It has been suggested to not use the stellar mass for selecting halos (not a direct observable), but rather a more physically motivated quantity like magnitudes/colors. In this part, we select the apparent magnitude, lensed, in i band. This might not be the best quantity to look at, but just want to play with something else than the stellar mass.

In [None]:
# let's select halo masses, and magnitudes (i, g, u) for 
# the central galaxy.
data = df.filter("halo_id > 0")\
    .filter("is_central == True")\
    .select(["stellar_mass", "mag_i", "mag_g", "mag_u"])\
    .sample(fraction=0.05).collect()

In [None]:
mass, mag_i, mag_g, mag_u = np.transpose(data)
print("Number of rows: {}".format(len(mass)))

In [None]:
import seaborn as sns

joint_kws = dict(gridsize=200, mincnt=1)
g = sns.jointplot(
    np.log10(mass), 
    mag_i, 
    height=8, space=0.5,
    kind='hex', color='k', 
    xlim=(10.5, 12), ylim=(20, 35),
    joint_kws=joint_kws, 
    marginal_kws=dict(bins=200, rug=True))

g.set_axis_labels(
    r'$\log({\rm M}_h \, [{\rm M}_\odot])$', 
    'Apparent magnitude, lensed, in i band (lsst)')

plt.show()

Hum, the stripes are still there... Let's have a look at 1D halo mass distribution as a function of magnitude:

In [None]:
# We reject synthetic halos - see for example discussion in 
# https://github.com/LSSTDESC/cosmodc2/issues/82
# In addition we select halo members according to their stellar mass
stellar_masses_cut = [25.0, 22.5, 20.0]
full_data = []
for stellar_mass_cut in stellar_masses_cut:
    df_filt = df.filter("halo_id > 0").filter("mag_i < {}".format(stellar_mass_cut))

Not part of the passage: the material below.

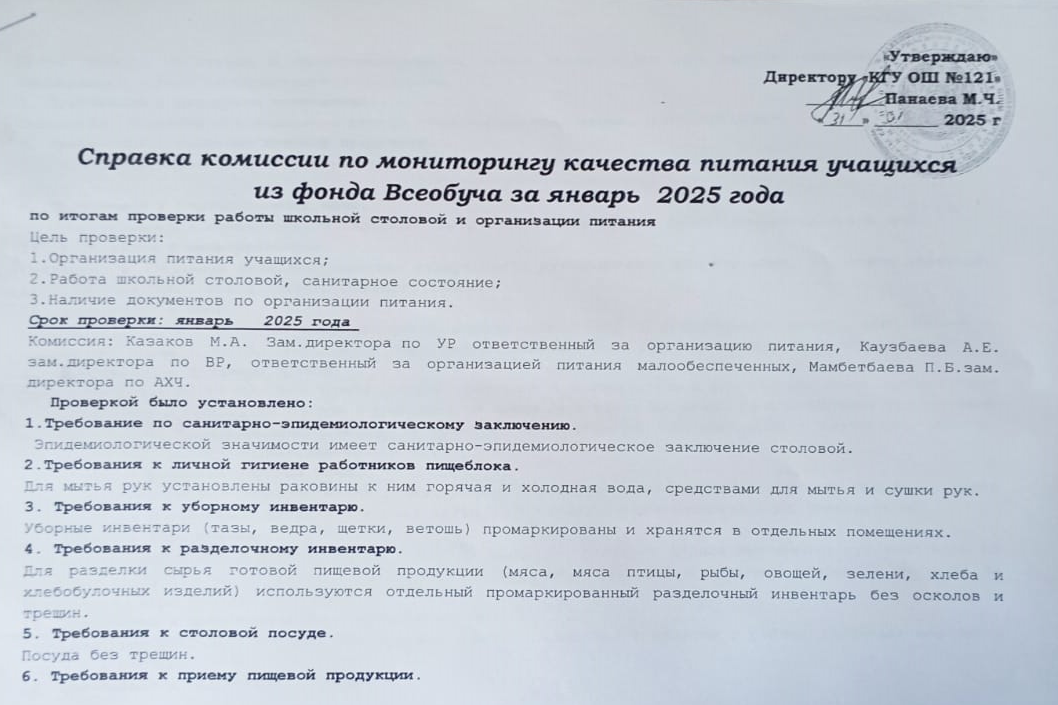 Справка мониторинг питания  январь 2025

    # Group data by halos and compute the number of halo members
    df_disp = df_filt.groupBy("halo_id").count()

    # Add back the original DataFrame columns
    # and select only central member for halo 
    # (unique halo mass for a halo)
    data_joined = df_filt.join(df_disp, "halo_id")\
        .filter("is_central == True")\
        .select("stellar_mass", 'count')\
        .dropna()

    # Collect the data from the executors to the driver
    data = data_joined.collect()
    full_data.append(data)

In [None]:
matplotlib.rcParams.update({'font.size': 17})

fig = plt.figure(figsize=(10, 7))
plt.title("Histogram of halo masses ($n_{{gal}}/halo > 0$)")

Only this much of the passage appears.